Unsere Wahrnehmung deckt sich nicht immer mit der Realität und unser Handeln nicht immer mit Logik. Auch wenn natürlich alles Denken subjektiv ist, lassen sich dabei Muster erkennen. Die israelischen Forscher Amos Tversky und Daniel Kahneman prägten für diese kognitiven Verzerrungen in den 1970er Jahren den Begriff „Biases“.

Wo treten Biases auf?

Seit der Wortschöpfung ist es Forschenden gelungen, eine ganze Reihe davon zu identifizieren. Heute wissen wir zum Beispiel, dass Menschen sich an schlimme Ereignisse besonders detailliert erinnern. Mit zunehmendem Alter denken sie in der Rückschau aber mehr an schöne Erlebnisse. Wir wissen, dass wir uns in unseren Vorlieben stark an anderen orientieren, aber im Zweifel auch unsere Vorlieben auf andere projizieren. Dass wir Informatio­nen als glaubwürdiger einschätzen, wenn wir sie oft hören oder sie unsere Meinung bestätigen. Und dass uns Handeln immer ein bisschen mehr Angst macht, als nichts zu tun.

Ist das ein Problem?

Wenn unser Gehirn in solche Denkfallen stolpert, ist das vor allem ein Versuch, sich durch eine sehr komplexe Welt zu navigieren. Das heißt, viele Biases sind zunächst mal der Notwendigkeit des täglichen Lebens geschuldet. Es ist nützlich, Negatives stärker wahrzunehmen, weil es für uns tendenziell riskanter ist, Gefahren zu übersehen als Erdbeertörtchen. Gleichzeitig lässt uns der Negativitätsbias Chancen, Auswege und Unterstützung übersehen. Auch von uns auf andere zu schließen kann uns in vielen Fällen helfen, den anderen zu verstehen. Gleichzeitig sorgt der Egozentrische Bias zum Beispiel dafür, dass autofahrende Ladenbesitzer den Autoanteil ihrer Kundschaft weit überschätzen.

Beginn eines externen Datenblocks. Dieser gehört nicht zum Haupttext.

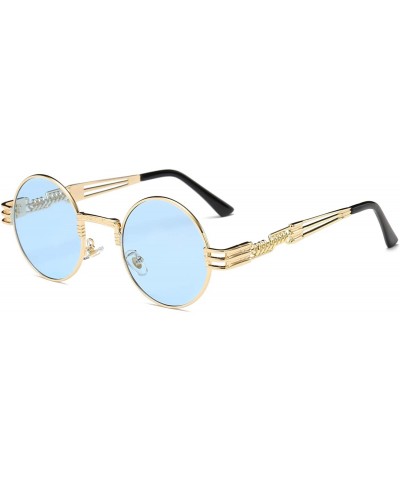 John Lennon Round Sunglasses Steampunk Metal Frame - Transparent Blue Lens/Gold Frame - CW182GH7R7M $12.52 Sport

Einige Forschende unterscheiden auch zwischen „heißen“, motivationsgetriebenen Biases, bei denen wir aktiv Informationen in unser Weltbild hinein verdrehen, und „kalten“, verarbeitungstechnischen Biases, bei denen unser Gehirn einfach versucht, aus einem Wust an Informationen die relevanten herauszufiltern.

Was bedeutet das für eine Gesellschaft?

Auch Gruppendenken, das uns im Extremen zu Konformismus, Ausgrenzung und Radikalisierung verleitet, hat seine Wurzeln wahrscheinlich in den Anforderungen an eine soziale Gemeinschaft. Wenn unser Überleben von einer Gruppe abhängig ist, ist das sinnvollste Verhalten oft das sozial akzeptierte und nicht unbedingt das scheinbar logischste. Je nach Situation und Intensität können Bia­ses also teilweise großen Schaden anrichten oder uns manchmal sogar helfen.

Haben wir das alle?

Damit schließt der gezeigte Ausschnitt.